Charles Koch, photographed here with the things he does not own

Here are just two of the many fun quotes in Jane Meyer’s New Yorker article about David and Charles Koch, the billionaire brothers who founded Americans For Prosperity, support a network of conservative think tanks dedicated to libertarian causes, and have been instrumental in creating and sustaining the Tea Party movement:

They’re smart. This right-wing, redneck stuff works for them. They see this as a way to get things done without getting dirty themselves.

The problem with the whole libertarian movement is that it’s been all chiefs and no Indians. There haven’t been any actual people, like voters, who give a crap about it. So the problem for the Kochs has been trying to create a movement.
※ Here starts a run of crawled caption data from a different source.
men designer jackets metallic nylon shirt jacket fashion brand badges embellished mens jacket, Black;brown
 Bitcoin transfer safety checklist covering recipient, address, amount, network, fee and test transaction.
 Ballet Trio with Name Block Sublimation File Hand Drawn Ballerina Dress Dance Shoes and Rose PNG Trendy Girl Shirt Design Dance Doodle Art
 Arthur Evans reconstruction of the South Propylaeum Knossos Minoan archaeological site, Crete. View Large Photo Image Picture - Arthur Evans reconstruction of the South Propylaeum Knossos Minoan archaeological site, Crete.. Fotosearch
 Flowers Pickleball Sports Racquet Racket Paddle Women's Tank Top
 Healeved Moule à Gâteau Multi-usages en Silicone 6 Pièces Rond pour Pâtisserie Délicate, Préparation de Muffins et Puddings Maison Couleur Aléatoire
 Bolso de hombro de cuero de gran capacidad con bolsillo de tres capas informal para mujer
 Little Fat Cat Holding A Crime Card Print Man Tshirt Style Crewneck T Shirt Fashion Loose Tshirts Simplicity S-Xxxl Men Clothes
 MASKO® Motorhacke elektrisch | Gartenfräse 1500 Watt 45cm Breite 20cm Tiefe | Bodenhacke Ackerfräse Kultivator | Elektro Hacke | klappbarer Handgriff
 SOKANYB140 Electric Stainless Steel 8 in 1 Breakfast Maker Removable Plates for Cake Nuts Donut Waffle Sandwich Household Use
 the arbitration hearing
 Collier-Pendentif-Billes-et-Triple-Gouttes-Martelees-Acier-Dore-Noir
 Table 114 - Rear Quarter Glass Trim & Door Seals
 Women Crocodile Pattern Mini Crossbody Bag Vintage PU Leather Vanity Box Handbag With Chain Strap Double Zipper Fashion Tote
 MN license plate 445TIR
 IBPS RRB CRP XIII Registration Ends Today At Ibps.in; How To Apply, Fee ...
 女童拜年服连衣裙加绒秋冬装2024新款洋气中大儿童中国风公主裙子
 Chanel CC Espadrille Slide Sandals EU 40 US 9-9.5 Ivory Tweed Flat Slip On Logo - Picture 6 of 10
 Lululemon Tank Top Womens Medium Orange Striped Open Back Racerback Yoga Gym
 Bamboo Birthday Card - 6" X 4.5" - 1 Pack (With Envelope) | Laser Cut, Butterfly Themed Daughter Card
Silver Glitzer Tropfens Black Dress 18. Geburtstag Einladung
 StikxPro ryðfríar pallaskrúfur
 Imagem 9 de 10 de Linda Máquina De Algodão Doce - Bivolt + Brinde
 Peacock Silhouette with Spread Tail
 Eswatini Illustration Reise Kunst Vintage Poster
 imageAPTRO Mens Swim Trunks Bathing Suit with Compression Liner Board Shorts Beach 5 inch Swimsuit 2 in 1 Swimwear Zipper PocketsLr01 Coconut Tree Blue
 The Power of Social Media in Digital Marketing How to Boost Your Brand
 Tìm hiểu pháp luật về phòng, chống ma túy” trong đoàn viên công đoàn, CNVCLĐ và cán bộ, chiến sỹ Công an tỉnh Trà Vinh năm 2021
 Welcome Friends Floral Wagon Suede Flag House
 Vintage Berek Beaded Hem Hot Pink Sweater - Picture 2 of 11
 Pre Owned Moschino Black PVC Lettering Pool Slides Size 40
The first is from a previous advisor to the Kochs and one of the many sources in Meyer’s story that go unnamed. The second is from Bruce Bartlett, formerly of the National Center for Policy Analysis, a think tank the Kochs funded. If you lack the time or patience to read Meyer’s mind-blowing but also 10,000-word story on these men—whose combined income is exceeded in America only by Bill Gates and Warren Buffet—you should know two things. One, the Fifth Avenue apartment mentioned in the opening section now belongs to one of my former clients, and I used to tutor there twice a week. Two, you can get the gist of Meyer’s article by reading Frank Rich’s column from Sunday.